Con su compañera quedaron sus máquinas, sus herramientas y el pequeño gran universo que componía su tallercito. Pero, además, junto a la cámara dejó fotografías de todo tipo y tamaños, papeles, relojes y almanaques; todo inservible desde un punto de vista utilitario… ¿Acaso él cumplió con toda la cadena reproductiva: hijo, padre, abuelo, bisabuelo? Estoy seguro de que él acordaría en que no vinimos al mundo solamente para eso. Porque más allá de lo productivo que fue en el sistema laboral, en el que se jubiló, también supo disfrutar de otros aspectos de la vida, sea la música, los viajes, las amistades; el monte, el mar, las cataratas y las montañas. Él me enseñó a volar: fue en una demostración de esas que se hacen en los aeroclubes y desde el aire vi a Villaguay gigante.
«En ese parricidio filosófico, mi padre había dejado de ser mi padre.

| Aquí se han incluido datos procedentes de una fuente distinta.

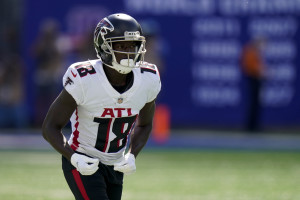 Cordarrelle Patterson Spotted Wearing 'Free Calvin Ridley' T-Shirt on  Falcons Sideline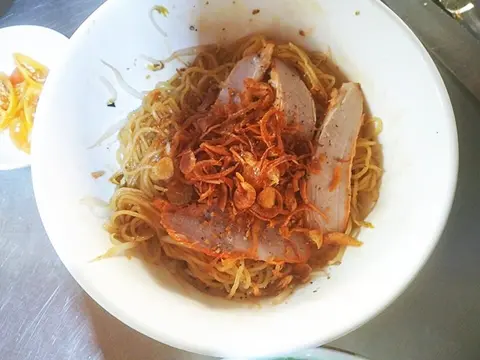 Hình ảnh Mì xá xíu
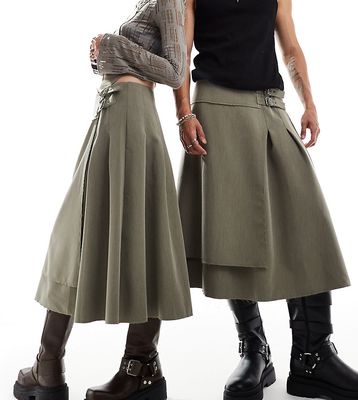 Reclaimed Vintage genderless tailored kilt skirt with buckle in olive green - part of a set-Gray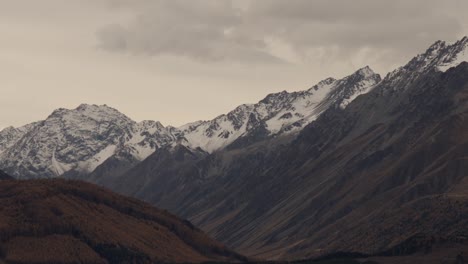 New-Zealand-autumn-season-landscape-with-mountains-during-rain,-with-cloud-moving-fast-in-the-mountains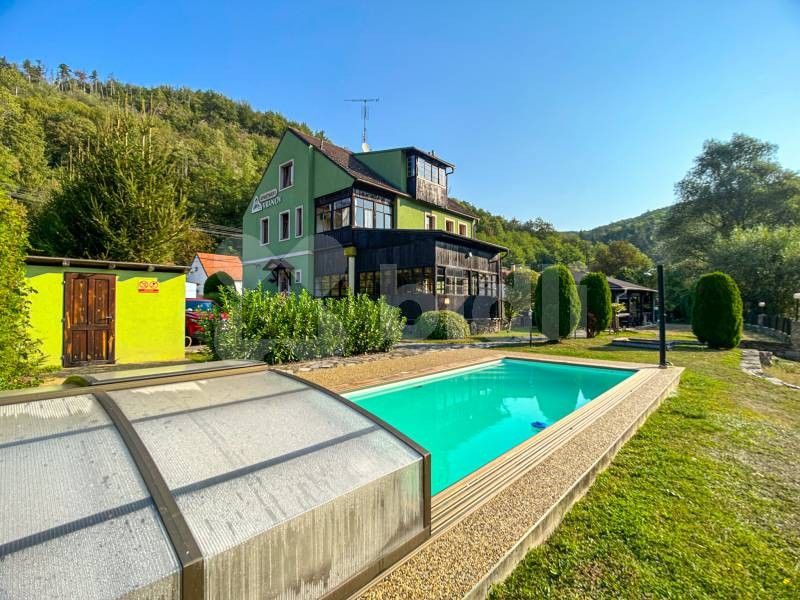 Prodej ubytovací zařízení - Zadní Hamry, Vranov nad Dyjí, 350 m²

Y ahora, cuando llegué y él ya no estaba, sentí que Luis Alberto ya era parte de otros y la idea de ser “hijo de todos los padres y padre de todos los hijos” era vivaz.”»
En ese parricidio filosófico, mi padre había dejado de ser mi padre. Y ahora, cuando llegué y él ya no estaba, sentí que Luis Alberto ya era parte de otros y la idea de ser “hijo de todos los padres y padre de todos los hijos” era vivaz. No obstante, el miedo se hizo realidad en mí: no lo volvería a ver. Se fue en serio, tan en serio que él mismo tomó la decisión sobre el momento de partir. Quizás ese fue su verdadero oficio: poner la hora; de hecho, se recibió de relojero cuando se estudiaba por correo postal. Llegó a tener su relojería de barrio; un almacén en la entrada de la ciudad, y un boliche de campo al que llamó “Los amigos”, hasta que se instaló como empleado de comercio.
En una de las últimas charlas que recuerdo, al indagar sobre su historia personal y la de mi madre, él me respondió: “te respeto porque quieres saber más del pasado, pero yo aprendí que hay que estar también del lado de los sueños”. Por eso entendí que él fue un soñador, de a poco volando de Lucas Norte, donde se crío, en un lugar que su padre había bautizado “el nidito”, hasta aterrizar y hacer el suyo propio en Villaguay.
Como se dice, él se quitó la vida, pero también se podría decir que la decisión apuntaba a preservar una dignidad, la que brinda el ejercicio de voluntad propia. Tenía diagnosticada una metástasis y no quiso someterse nuevamente a operaciones y tratamientos. En un vocabulario campestre diríamos que se despenó, no quiso sufrir más y no quiso ver sufrir. Esperó que pasaran las fiestas cristianas, se despidió de sus amigos, utilizando el saludo de fin de año como excusa y el 2 de enero concretó su decisión. Días después, el 18 de marzo se aprobaba la eutanasia en España… Es inevitable pensar que mi padre hubiera simpatizado con una ley de este tipo en Argentina, al menos esa es mi expresión de deseo: que recordarlo en este día sirva a una causa justa e ineludible en una sociedad sana.